S_ASSET table is 615 GB in size. NAT_IMSIICCID_CPROCE_LOAD is only 13MB in size.
The results from NAT_IMSIICCID_CPROCE_LOAD table (inner query) will be used to fetch records from S_ASSET table (outer query).
For scenarios like this, where INNER query has very less records than the outer query, I have been told that EXISTS will perform better than the query which uses IN operator
But, when I tested, the query which uses IN operator finished executing in 4 minutes and 55 seconds
and
the query which uses EXISTS was still running after 25 minutes and I had to cancel the execution !!!!

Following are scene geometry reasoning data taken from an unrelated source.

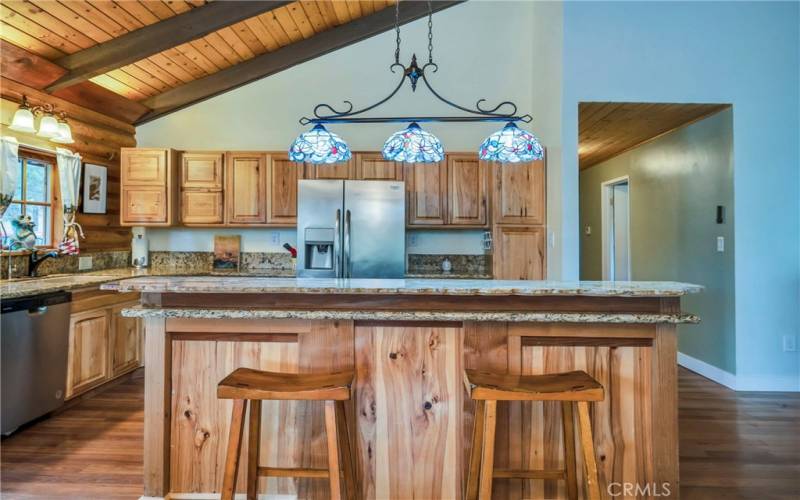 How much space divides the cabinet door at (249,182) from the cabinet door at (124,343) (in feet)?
4.44

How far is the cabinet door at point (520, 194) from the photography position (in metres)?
3.88

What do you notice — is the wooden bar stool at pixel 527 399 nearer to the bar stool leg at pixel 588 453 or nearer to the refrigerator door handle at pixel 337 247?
the bar stool leg at pixel 588 453

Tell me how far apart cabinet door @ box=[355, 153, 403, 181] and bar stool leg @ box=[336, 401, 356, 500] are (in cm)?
274

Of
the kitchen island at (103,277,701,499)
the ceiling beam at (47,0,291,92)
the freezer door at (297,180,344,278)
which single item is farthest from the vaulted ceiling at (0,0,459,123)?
the kitchen island at (103,277,701,499)

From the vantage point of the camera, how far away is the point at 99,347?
10.7ft

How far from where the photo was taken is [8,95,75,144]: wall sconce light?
305 centimetres

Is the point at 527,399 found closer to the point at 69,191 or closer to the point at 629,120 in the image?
the point at 629,120

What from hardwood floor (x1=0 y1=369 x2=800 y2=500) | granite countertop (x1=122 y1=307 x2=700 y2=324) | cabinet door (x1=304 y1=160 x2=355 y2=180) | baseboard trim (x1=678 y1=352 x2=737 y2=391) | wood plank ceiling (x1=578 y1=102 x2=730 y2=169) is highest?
wood plank ceiling (x1=578 y1=102 x2=730 y2=169)

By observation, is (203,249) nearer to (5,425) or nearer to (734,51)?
(5,425)

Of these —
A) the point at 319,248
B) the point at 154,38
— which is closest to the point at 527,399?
the point at 319,248

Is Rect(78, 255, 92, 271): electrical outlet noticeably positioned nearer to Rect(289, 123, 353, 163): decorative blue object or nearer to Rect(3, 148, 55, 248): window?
Rect(3, 148, 55, 248): window

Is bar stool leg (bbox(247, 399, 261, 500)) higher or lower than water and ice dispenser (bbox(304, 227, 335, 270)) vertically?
lower

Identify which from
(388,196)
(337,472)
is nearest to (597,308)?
(337,472)

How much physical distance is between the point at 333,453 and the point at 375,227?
97.0 inches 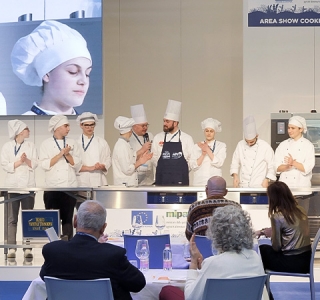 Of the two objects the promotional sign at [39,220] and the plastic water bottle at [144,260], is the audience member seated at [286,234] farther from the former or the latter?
the promotional sign at [39,220]

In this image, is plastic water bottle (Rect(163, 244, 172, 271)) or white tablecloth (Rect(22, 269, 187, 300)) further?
plastic water bottle (Rect(163, 244, 172, 271))

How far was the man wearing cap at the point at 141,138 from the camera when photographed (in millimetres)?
6965

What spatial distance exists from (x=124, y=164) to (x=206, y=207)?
2.96 meters

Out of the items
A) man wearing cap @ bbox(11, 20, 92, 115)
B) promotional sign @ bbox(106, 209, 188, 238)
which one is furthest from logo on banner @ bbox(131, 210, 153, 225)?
man wearing cap @ bbox(11, 20, 92, 115)

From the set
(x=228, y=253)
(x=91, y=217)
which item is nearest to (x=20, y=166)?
(x=91, y=217)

What could be the reason for this seeimingly weird behaviour ?
==== Query using IN =====
SQL> select /*+ GATHER_PLAN_STATISTICS */ count(*) from S_ASSET where row_id IN (select msisdn from NAT_IMSIICCID_CPROCE_LOAD) ;
COUNT(*)
----------
426510
Elapsed: 00:04:55.46
Execution Plan:
-------------------------------------------------------------------------------------------------------------------------------------------------
| Id | Operation | Name | Starts | E-Rows | A-Rows | A-Time | Buffers | Reads | OMem | 1Mem | Used-Mem |
-------------------------------------------------------------------------------------------------------------------------------------------------
| 0 | SELECT STATEMENT | | 1 | | 1 |00:04:55.28 | 1281K| 174K| | | |
| 1 | SORT AGGREGATE | | 1 | 1 | 1 |00:04:55.28 | 1281K| 174K| | | |
| 2 | NESTED LOOPS | | 1 | 133K| 426K|00:04:57.41 | 1281K| 174K| | | |
| 3 | VIEW | VW_NSO_1 | 1 | 133K| 426K|00:00:01.18 | 1578 | 1452 | | | |
| 4 | HASH UNIQUE | | 1 | 133K| 426K|00:00:01.00 | 1578 | 1452 | 23M| 4152K| 26M (0)|
| 5 | TABLE ACCESS FULL| NAT_IMSIICCID_CPROCE_LOAD | 1 | 133K| 426K|00:00:00.07 | 1578 | 1452 | | | |
|* 6 | INDEX UNIQUE SCAN | S_ASSET_P1 | 426K| 1 | 426K|00:04:53.67 | 1279K| 172K| | | |
-------------------------------------------------------------------------------------------------------------------------------------------------
Predicate Information (identified by operation id):
---------------------------------------------------
6 - access("ROW_ID"="MSISDN")
Note
-----
- dynamic sampling used for this statement (level=1)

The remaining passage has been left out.